Leo Weijl was de oudste zoon van Herman’s jongere broer Maurits, Mau (1873-1925) en Mimi’s achternicht Bella Weijl-de Leeuw (1880-1942). Hij was dus als het ware dubbel familie. Welke functie hem toegang gaf tot het eerbiedwaardige gezelschap dat voor de foto werd uitgenodigd… dat is nog even een raadsel.
(c) John Löwenhardt
september 2013, bewerkt november 2014 en maart 2017
- H. Beem, De verdwenen mediene. Kol Hakohol Hakodousj Hazee. Amsterdam, Joachimsthal, 1950[↩]
- Beem, blz. 97-98.[↩]
- Beem, blz. 102-103.[↩]
- Diverse berichten in het Nieuw Israëlietisch Weekblad, tussen 1 januari 1932 en 29 maart 1940.[↩]
- Misjpoge 19 (2006), nrs. 2-4 en 20 (2007), nr. 1. Atsmon heeft de ledenlijst ontcijferd met hulp van Leo Zilverberg en Harmen Snel.[↩]
- Orde van den buitengewonen dienst ter gelegenheid der viering van het 50-jarig bestaan der Synagoge te OLDENZAAL op Zaterdagmiddag 26 Tisjrie (18 October) 5691. [NIK Oldenzaal], Drukkerij N.V. v.h. Van Creveld & Co., 1930.[↩]

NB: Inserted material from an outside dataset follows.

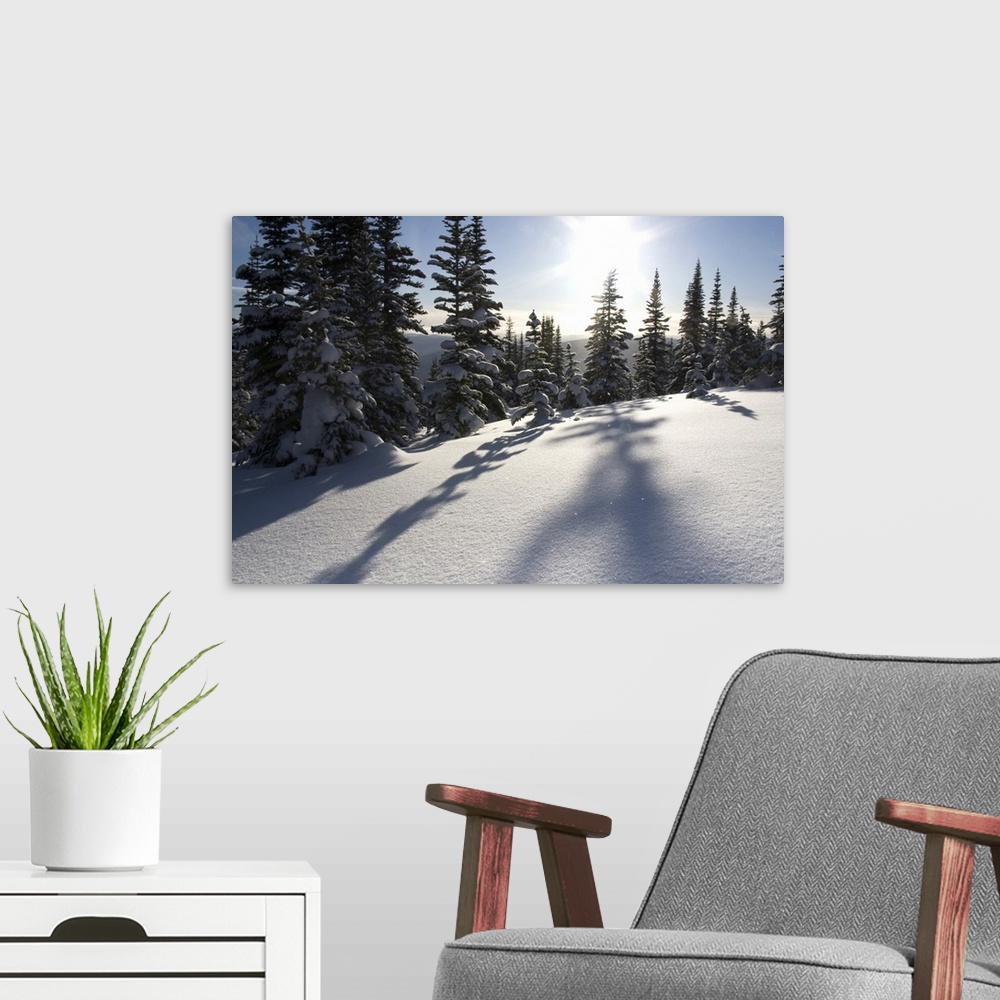 A modern room featuring Canada, British Columbia, Smithers. Snow-laden spruce trees cast shadows across sunlit snow. Cred...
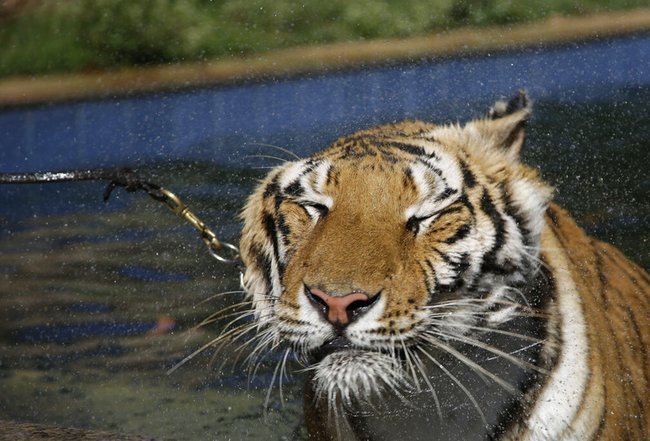 Тигр стряхивает воду после купания в бассейне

- Het origineel is in bezit van Historisch Museum Het Palthehuis, Oldenzaal. Identificatie van de afgebeelde personen is te vinden in G.J.J.W. Weustink, Uit de geschiedenis der joden van Oldenzaal. Uitg. Noreg, z.pl., 1990 , blz. 21.[↩]
- Willy Kan (uiterst rechts achter) en, allen op de voorste rij: Joseph Meijer, W.H. Cohen, Sal. Zwartz Izn. en Jules A. Cohen.[↩]
- Iet Erdtsieck, De emancipatie van de joden in Overijssel, 1796-1940: de rol van de Overijsselse opperrabbijnen Hertzveld, Fränkel en Hirsch. Assen, Van Gorcum, 1995, blz. 114.[↩]
Steeds weer nieuwe ontdekkingen, het blijft boeiend om te volgen!
Fantastisch John! Hoe je dat allemaal bij elkaar hebt gezocht. Wat interessant. Er is een groot historisch onderzoeker aan jou verloren gegaan, maar eigenlijk niet, je bent bezig er één te worden. Veel succes gewenst bij je verdere speurwerk.
Groet, Joop
Fascinerend is zo’n geschiedenis! Mooi gedaan. Veel succes verder.
Groeten
Op de foto uit Oldenzaal van 1930 zit Salomon Zwartz Izn vooraan tweede van rechts!
typefout: rabbi Ansjel Oppenheimer kwam niet uit Vorden (=Gld.), maar uit Vreden (=Dld).
Dank, Meindert. Ik ga het corrigeren.